Endlich kommt der Fahrstuhl. Mit einem lauten und ziemlich unmelodischen Pling gleiten die Türen auseinander. Ohne mich noch einmal umzusehen, betrete ich die Kabine und lehne mich dann mit verschränkten Armen an den Spiegel.
„Dreizehn?“, fragt er höflich. Ich nicke. Was er kann, kann ich auch. Er drückt den richtigen Knopf und stellt sich dann neben mich.

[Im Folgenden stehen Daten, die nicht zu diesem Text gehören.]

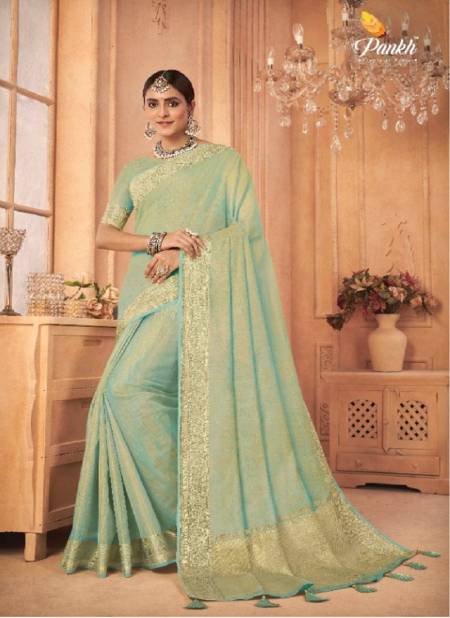 Light Green Anushka Vol 2 By Pankh Wedding Saree Catalog 6109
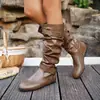 Botas de jinete para mujer de comercio exterior transfronterizo, nuevas botas largas vintage de otoño e invierno hasta la rodilla, punta fina con hebilla de cinturón, botas de tacón grueso de talla grande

„Was soll das werden?“ Mit hochgezogenen Augenbrauen deute ich auf den kaum vorhandenen Abstand zwischen uns. Wir kennen einander doch gar nicht. Ist es nicht ziemlich dreist, sich einfach so dicht neben mich zu stellen?
Plötzlich gibt es einen lauten Knall und die Kabine fällt nach unten. Das Licht geht aus und die Bremsen greifen mit lautem Quietschen. Mit einem Ruck halten wir an. Flackernd geht die Lampe über unseren Köpfen an, die wahrscheinlich vom Notstrom in Gang gesetzt wurde.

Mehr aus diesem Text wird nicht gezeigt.